My father had his own peculiar way of speaking.
It wasn’t just his Kentucky accent, which can actually be found throughout most of southern Ohio where we lived, and even up into Michigan.(1)
Because we lived in Ohio since I was three, my dad was concerned that I might start “talking like a Yankee.” When we would go back to Kentucky (which we did frequently) he called it “getting elocution lessons.”(2) I ended up able to speak what was known as “Network Standard,” and also to lapse back into a Kentucky accent when it would annoy my sorority sisters.(3)
So my father was not alone in his manner of speech, but he did have his own peculiar vocabulary. I suppose that somewhere amid the hills and hollers there are people who still speak like this, but in suburban Ohio, he was near-incomprehensible.(4)
Here are some of my father’s favorite expressions and what a normal person would say in the same circumstances.
“Finer’n frog hair split four ways” = “I’m great, thanks, and you?”
“Hangin’ in like Gunga Din”= “I’m great, thanks, and you?”(5)
“Like an old cow pissing on a flat rock” = “My, it’s raining hard.”(6)
“A real frog strangler” = “My, it’s raining hard.”
“Give me a box of Band-aids and a bottle of Mercurochrome and I’ll have this cow back up on her feet and giving milk in ten minutes” = “Gosh, this steak is too rare.”
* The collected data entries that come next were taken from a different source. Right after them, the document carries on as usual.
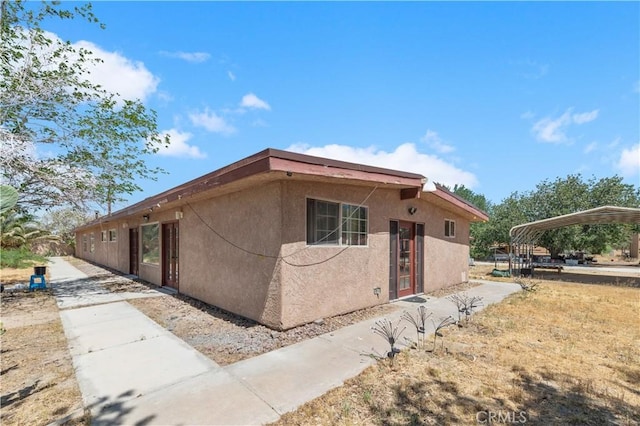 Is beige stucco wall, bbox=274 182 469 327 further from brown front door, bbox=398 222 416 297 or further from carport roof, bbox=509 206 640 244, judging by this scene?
carport roof, bbox=509 206 640 244

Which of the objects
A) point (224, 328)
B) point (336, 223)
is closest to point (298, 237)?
point (336, 223)

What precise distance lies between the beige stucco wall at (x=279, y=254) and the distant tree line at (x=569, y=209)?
67.3ft

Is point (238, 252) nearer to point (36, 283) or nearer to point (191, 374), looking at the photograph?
point (191, 374)

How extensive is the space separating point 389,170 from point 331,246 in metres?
2.12

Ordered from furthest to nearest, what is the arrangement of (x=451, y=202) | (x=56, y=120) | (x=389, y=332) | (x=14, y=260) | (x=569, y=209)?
(x=569, y=209), (x=14, y=260), (x=451, y=202), (x=56, y=120), (x=389, y=332)

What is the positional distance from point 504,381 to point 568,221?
1528 centimetres

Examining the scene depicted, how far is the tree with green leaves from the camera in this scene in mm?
8430

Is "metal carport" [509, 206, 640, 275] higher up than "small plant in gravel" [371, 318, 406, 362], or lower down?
higher up

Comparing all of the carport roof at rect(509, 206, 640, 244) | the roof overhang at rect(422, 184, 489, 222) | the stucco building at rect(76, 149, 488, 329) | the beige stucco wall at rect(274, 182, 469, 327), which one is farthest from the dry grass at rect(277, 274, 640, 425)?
the carport roof at rect(509, 206, 640, 244)

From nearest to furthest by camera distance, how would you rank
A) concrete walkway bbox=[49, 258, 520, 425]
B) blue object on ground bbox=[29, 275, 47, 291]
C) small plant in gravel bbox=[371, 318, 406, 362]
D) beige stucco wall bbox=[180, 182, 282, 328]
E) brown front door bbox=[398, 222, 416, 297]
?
1. concrete walkway bbox=[49, 258, 520, 425]
2. small plant in gravel bbox=[371, 318, 406, 362]
3. beige stucco wall bbox=[180, 182, 282, 328]
4. brown front door bbox=[398, 222, 416, 297]
5. blue object on ground bbox=[29, 275, 47, 291]

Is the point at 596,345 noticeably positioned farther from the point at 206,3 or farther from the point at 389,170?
the point at 206,3

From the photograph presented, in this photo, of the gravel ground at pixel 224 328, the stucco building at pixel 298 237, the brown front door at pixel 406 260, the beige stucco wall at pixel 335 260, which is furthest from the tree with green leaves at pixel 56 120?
the brown front door at pixel 406 260

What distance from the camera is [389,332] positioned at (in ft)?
17.3

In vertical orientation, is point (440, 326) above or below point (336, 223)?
below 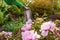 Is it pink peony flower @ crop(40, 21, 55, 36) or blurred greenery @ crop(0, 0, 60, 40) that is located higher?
pink peony flower @ crop(40, 21, 55, 36)

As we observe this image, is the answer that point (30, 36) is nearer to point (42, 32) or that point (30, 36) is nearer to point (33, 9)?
point (42, 32)

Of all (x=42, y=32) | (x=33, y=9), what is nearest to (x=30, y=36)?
(x=42, y=32)

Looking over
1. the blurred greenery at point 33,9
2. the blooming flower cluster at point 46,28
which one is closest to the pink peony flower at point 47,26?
the blooming flower cluster at point 46,28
“If he had another nickel, he’d have bought a red car.” = “My goodness, that car is certainly bright red.”(7)
Most of my father’s odd expressions came from his upbringing in rural Kentucky, but some of them he borrowed from the Old West. This habit only increased when he retired from civil service on a disability and went back to his roots. He started wearing flannel shirts, cowboy hat and boots, or sometimes sneakers. He abandoned the Vitalis and Aqua Velva for chewing tobacco and small, disgusting cans of pemmican he ordered through the mail.
Young children were fascinated by his cowboy persona. Once while in a restaurant wearing his Wild West get-up, and crutches owing to his disability, a young lad asked whether he had been shot by an Indian, much to the embarrassment of his mother. My dad loved it. On another occasion, he addressed a young boy as “little pard,” (short for “partner,”) only to have the child respond indignantly, “I am NOT a little fart.”
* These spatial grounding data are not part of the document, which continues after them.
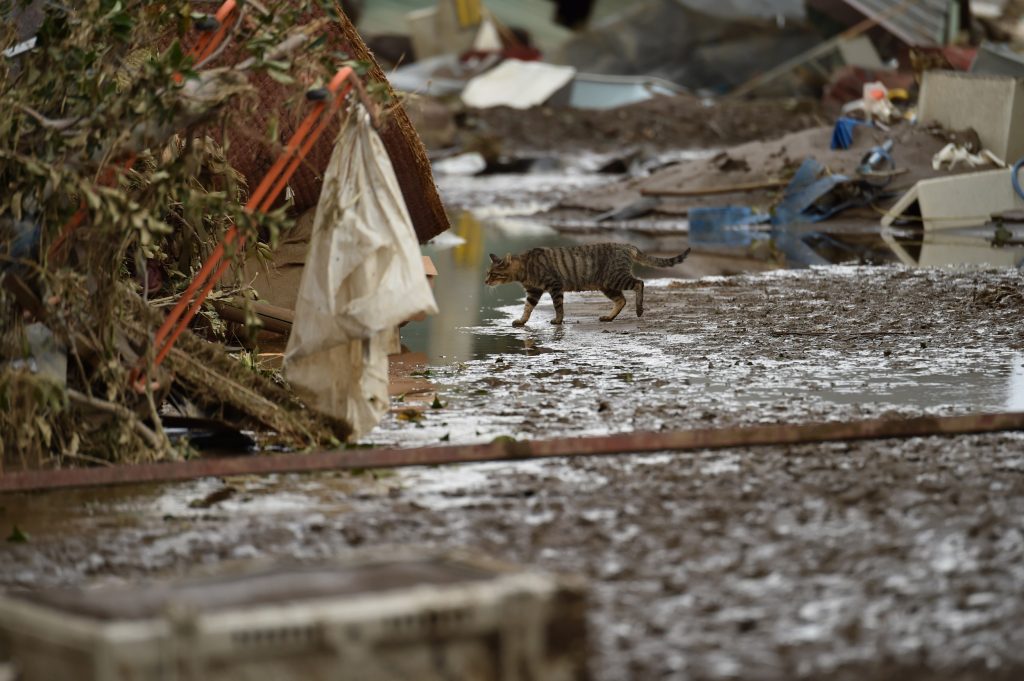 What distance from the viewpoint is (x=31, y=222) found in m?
6.42

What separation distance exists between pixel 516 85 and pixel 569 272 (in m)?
29.0

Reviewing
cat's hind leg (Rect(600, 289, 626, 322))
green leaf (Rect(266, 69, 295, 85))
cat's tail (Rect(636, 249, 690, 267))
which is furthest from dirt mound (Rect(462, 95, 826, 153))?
green leaf (Rect(266, 69, 295, 85))

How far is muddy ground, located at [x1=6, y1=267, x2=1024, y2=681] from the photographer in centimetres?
429

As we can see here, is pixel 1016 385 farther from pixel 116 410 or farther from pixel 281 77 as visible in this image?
pixel 116 410

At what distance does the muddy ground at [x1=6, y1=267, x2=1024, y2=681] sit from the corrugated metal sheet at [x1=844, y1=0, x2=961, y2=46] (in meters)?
32.1

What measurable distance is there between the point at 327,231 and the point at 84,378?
119 cm

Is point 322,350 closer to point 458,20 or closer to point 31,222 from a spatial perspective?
point 31,222

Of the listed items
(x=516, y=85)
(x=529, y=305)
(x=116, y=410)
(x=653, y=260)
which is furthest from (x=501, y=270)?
(x=516, y=85)

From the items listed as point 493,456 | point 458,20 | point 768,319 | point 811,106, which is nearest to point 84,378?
point 493,456

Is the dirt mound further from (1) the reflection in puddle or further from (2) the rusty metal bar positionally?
(2) the rusty metal bar

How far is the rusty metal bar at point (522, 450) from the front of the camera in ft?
19.9

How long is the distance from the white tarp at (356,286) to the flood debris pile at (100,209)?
0.20 m

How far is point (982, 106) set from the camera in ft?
64.9

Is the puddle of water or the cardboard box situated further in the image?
the cardboard box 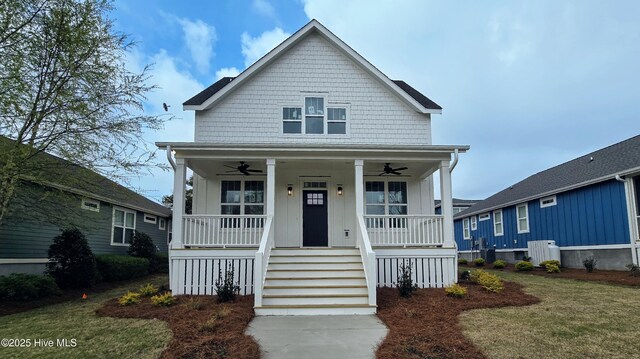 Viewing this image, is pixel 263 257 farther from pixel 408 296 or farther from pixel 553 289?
pixel 553 289

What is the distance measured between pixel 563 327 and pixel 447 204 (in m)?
4.25

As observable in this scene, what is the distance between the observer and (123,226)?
1675cm

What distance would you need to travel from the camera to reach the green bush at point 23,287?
352 inches

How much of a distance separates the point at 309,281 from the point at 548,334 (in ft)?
14.8

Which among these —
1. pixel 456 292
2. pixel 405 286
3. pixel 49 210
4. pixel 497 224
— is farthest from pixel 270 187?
pixel 497 224

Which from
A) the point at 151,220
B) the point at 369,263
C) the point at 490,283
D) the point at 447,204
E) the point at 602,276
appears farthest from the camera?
the point at 151,220

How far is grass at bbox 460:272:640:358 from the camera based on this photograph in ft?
16.3

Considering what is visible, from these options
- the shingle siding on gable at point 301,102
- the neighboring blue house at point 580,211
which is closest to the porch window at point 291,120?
the shingle siding on gable at point 301,102

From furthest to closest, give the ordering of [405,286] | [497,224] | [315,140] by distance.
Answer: [497,224], [315,140], [405,286]

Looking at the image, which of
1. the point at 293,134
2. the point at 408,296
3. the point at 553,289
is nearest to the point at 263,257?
the point at 408,296

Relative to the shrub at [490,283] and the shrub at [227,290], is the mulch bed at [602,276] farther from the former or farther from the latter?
the shrub at [227,290]

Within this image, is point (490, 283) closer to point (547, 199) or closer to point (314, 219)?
point (314, 219)

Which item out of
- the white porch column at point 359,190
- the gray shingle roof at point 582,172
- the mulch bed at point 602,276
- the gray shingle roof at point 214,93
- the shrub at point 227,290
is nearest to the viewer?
the shrub at point 227,290

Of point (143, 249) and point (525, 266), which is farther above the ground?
point (143, 249) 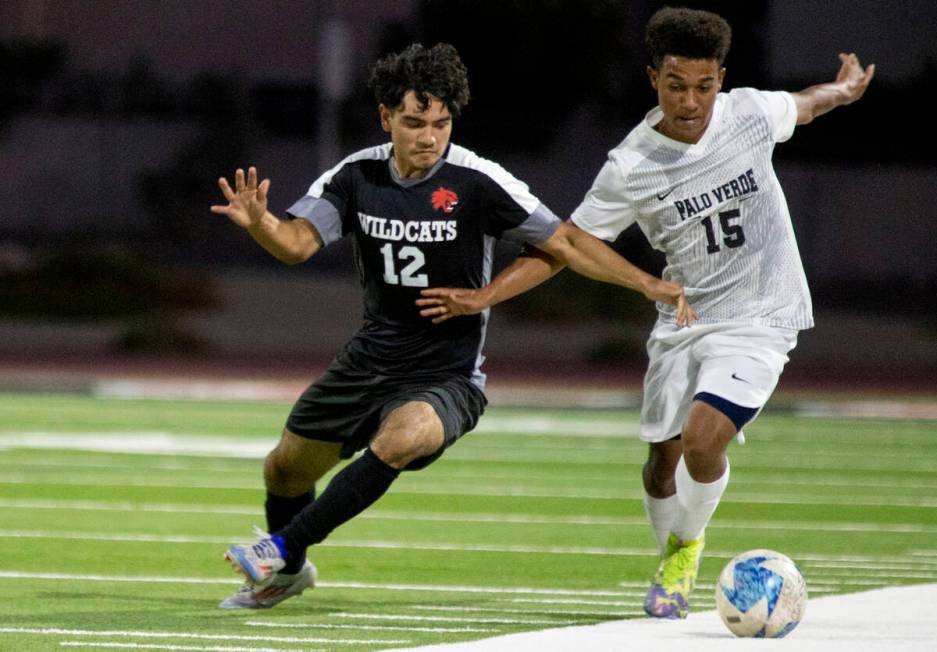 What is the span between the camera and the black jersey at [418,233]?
733 centimetres

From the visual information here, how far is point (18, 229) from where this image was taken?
4012 centimetres

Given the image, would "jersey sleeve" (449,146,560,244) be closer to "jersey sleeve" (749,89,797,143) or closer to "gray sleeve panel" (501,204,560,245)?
"gray sleeve panel" (501,204,560,245)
My mother was tolerant of his idiosyncrasies.(8) She had to be. His pet name for her was “Old Squaw,” which these days, of course, would be politically incorrect for oh-so-many reasons.(9)
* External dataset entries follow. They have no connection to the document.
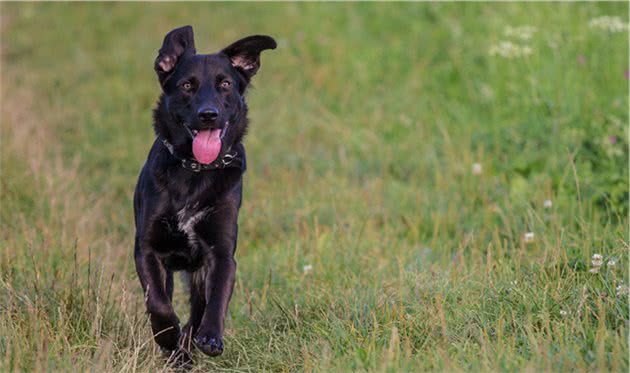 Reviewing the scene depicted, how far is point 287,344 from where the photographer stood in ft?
12.9

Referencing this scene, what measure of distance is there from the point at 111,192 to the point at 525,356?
178 inches

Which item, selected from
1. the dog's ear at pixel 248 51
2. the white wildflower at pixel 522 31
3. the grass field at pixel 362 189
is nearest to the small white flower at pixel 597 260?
the grass field at pixel 362 189

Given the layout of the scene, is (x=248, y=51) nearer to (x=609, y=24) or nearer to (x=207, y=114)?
(x=207, y=114)

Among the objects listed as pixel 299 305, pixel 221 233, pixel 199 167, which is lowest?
pixel 299 305

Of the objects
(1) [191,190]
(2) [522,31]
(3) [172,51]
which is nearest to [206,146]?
(1) [191,190]

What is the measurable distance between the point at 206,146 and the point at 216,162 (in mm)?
115

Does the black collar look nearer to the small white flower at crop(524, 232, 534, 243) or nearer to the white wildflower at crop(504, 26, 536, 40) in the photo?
the small white flower at crop(524, 232, 534, 243)

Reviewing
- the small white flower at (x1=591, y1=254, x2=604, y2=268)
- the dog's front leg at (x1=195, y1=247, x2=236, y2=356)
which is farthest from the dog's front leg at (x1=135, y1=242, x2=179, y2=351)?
the small white flower at (x1=591, y1=254, x2=604, y2=268)

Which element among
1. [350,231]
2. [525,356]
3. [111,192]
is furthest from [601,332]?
[111,192]

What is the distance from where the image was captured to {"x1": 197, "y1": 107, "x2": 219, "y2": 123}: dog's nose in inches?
162

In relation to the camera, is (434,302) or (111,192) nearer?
(434,302)

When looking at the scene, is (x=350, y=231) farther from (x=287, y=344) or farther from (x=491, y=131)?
(x=491, y=131)

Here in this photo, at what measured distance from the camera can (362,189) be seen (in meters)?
6.77

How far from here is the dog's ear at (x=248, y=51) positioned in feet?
14.8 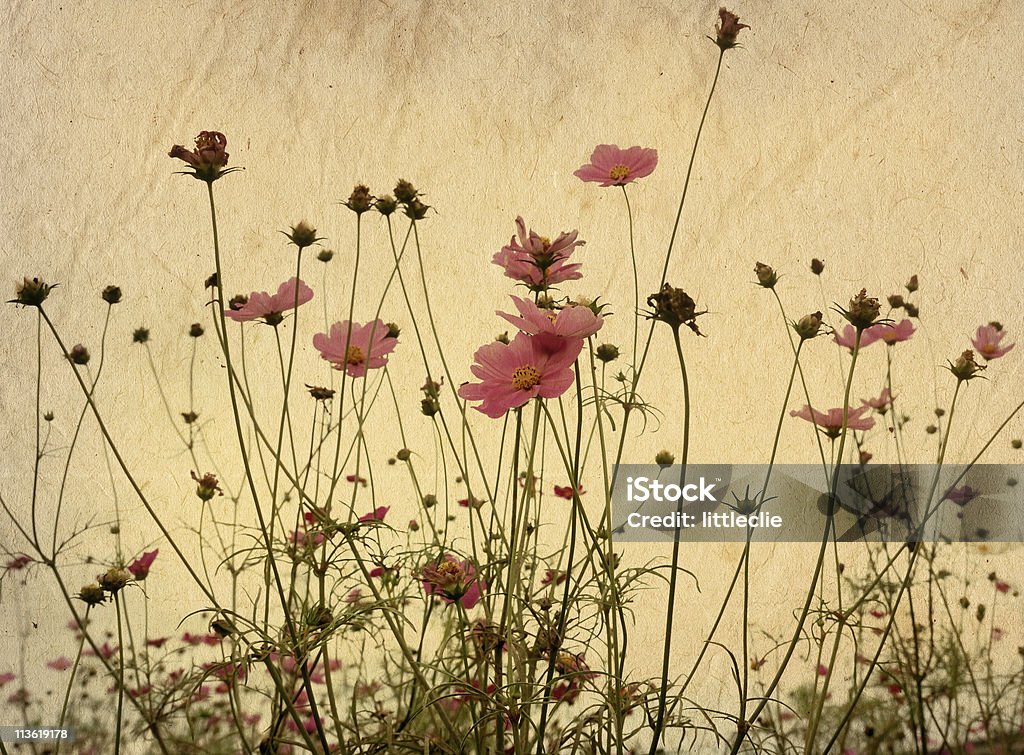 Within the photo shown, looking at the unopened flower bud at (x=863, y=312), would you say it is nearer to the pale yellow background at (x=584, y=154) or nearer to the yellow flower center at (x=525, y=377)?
the yellow flower center at (x=525, y=377)

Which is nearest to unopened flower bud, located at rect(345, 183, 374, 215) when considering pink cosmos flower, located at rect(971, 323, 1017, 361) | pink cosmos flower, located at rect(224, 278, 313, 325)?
pink cosmos flower, located at rect(224, 278, 313, 325)

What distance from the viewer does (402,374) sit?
49.5 inches

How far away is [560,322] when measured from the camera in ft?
2.16

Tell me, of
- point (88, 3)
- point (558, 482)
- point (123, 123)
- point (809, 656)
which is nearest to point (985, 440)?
point (809, 656)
All in all, my father’s language was in some way reassuring. It was a family thing. It didn’t matter if the rest of the world understood him. We did.
(1) This is a result of the southern migration up I-75, also known as the “Hillbilly Highway.” Thousands left the southern states for industrial jobs in Ohio and Michigan car plants.
(2) My high school speech and debate teachers disagreed with him on the necessity of this, or at least his definition of same.
(3) My college membership in Delta Phi Epsilon is one of my darkest secrets and I hesitated to reveal it. In fact, just pretend you never read this footnote.
(4) Once at a party he fell into conversation with a shy, soft-spoken young lady. The next day we learned that each had thought the other must be from a foreign country.
(5) Very few people know where this expression comes from. You may recognize “Gunga Din” as the title of a poem by Rudyard Kipling, but that’s not where my father got it. Early rock and roller and country superstar Jerry Lee (“The Killer”) Lewis used to use the phrase in some of his songs. No one knew what he meant by it then, and no one knew what my father meant by it either.
(6) People often ask, but there is no real reason that it has to be an old cow. It just is.
(7) I occasionally use this one myself, once totally confusing a friend’s Puerto Rican boyfriend.
(8) Though once in a while even she didn’t get what he was talking about. Once, when getting ready for a trip, he told her, “Pack and tie,” which had something to do with loading a covered wagon (I think). She thought he said, “Pack a tie,” and she did, though she had no idea why he wanted one.
(9) Some say girls marry their fathers. I don’t know about that, but I did marry a man whose term of endearment for me is “Old Boot.” Not usually in public, though.